Leaps and Bounds

UA dancers offer something far beyond the usual holiday fare.

Sugar plums will be dancing on stages all over town this weekend (see below), but the students of the UA Dance Ensemble provide an alternative to the ubiquitous Nutcracker.

In the Season!, a series of concerts Thursday, Friday and Saturday at the UA's Ina Gittings Dance Theater, offers up an end-of-semester mélange of modern, jazz and ballet. The choreographers range from such high-flying eminences as Paul Taylor to visiting guest artist James Clouser, formerly with the Houston Ballet, to UA professors, grad students and college seniors. A mix of faculty and student choreography will be on the program for the identical Thursday and Friday concerts, while a separate lineup of student dances will be performed in the two Saturday shows.

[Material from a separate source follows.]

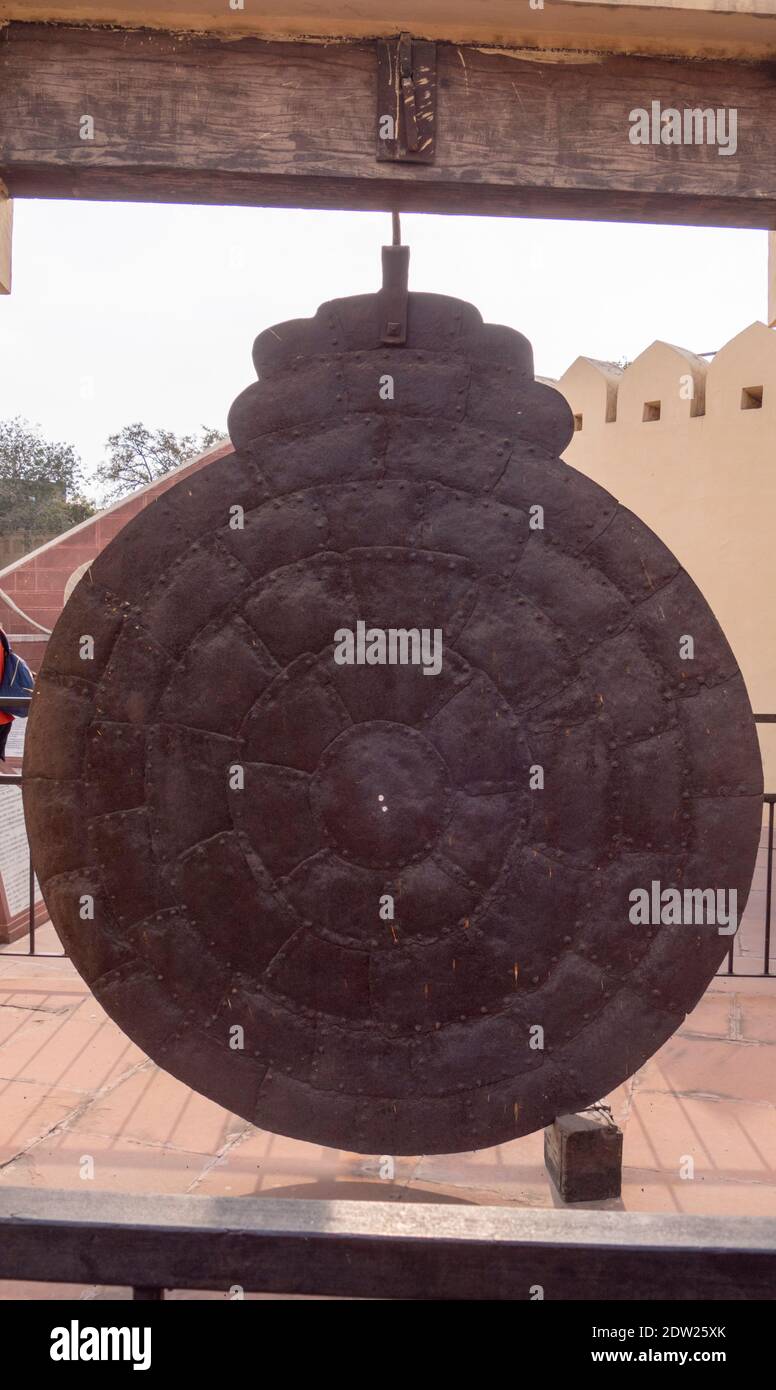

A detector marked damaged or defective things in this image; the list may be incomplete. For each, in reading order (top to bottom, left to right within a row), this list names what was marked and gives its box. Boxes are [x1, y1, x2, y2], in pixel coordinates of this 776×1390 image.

Fresh from an inspection of the new dance building now under construction ("It's remarkable--the vastness of the space is exciting"), dance prof Michael Williams said that a highlight of the Thursday-Friday shows is "Leaving Vertical," a big new piece by Clouser.

With a cast of 36 student dancers, it's a "spectacle, an interesting collage. Jim has played with pointe work in a nontraditional way and with some of the partnering." The deliberately off-balance movement departs from ballet conventions, he said, thus the title.

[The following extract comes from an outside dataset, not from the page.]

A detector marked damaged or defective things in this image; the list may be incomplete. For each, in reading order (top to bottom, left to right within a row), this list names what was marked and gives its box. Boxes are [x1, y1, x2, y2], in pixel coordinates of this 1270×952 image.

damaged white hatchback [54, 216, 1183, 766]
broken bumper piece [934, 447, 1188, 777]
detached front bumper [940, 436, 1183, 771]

Student Staci Houser, a senior, attended a Paul Taylor dance workshop in New York this summer, and got permission to stage the Taylor solo "The Oracle" as her senior project. Another senior, Kevin Hermann, who routinely choreographs what Williams called "slam-bam jazz numbers," here shows a different side in "II," "a beautiful little contemporary duet that's nice and sophisticated." Professor Sam Watson reprises his "Badum Boom," a "lighthearted, comical" work for 12 dancers, last performed at the Jazz Showcase in October. "It's a good closer. It's marvelous fun and high energy."

The two programs overlap a bit. Works by students Claire Hancock and Jason Rachel won slots at all four concerts. Hancock's "Ozone" uses manipulated video of her movements--chopped and played backwards--as a backdrop for her solo, a "modern jazz piece that's just beautiful." Rachel's "Strange Fruit" deploys the music of Billie Holiday. Grad student Julie Pentz also has work in both concerts. "Rhythm & Soles," an a cappella tap solo, debuts Thursday and Friday, and an ensemble tap piece that's a work in progress is danced Saturday.

The Saturday shows offers up grad and undergrad dances, selected by a faculty jury, Williams said. Clifton Brown, who started the UA master's program this semester after dancing for years in Europe, presents "Serpente," a "17-minute contemporary ballet." The dancers twist their upper bodies to conjure up a snake, making for an unusual combination of "modern and jazz torsos on pointe shoes." Krista Gessner's senior project is a group piece for nine, danced to live piano, strings and percussion. Her "Alpha to Omega" is a "contemporary dance, with modern and jazz elements."

Sukie Keita dances her modern solo "Ad Interim," a "multi-ethnic combination of music and movements. It's a world piece."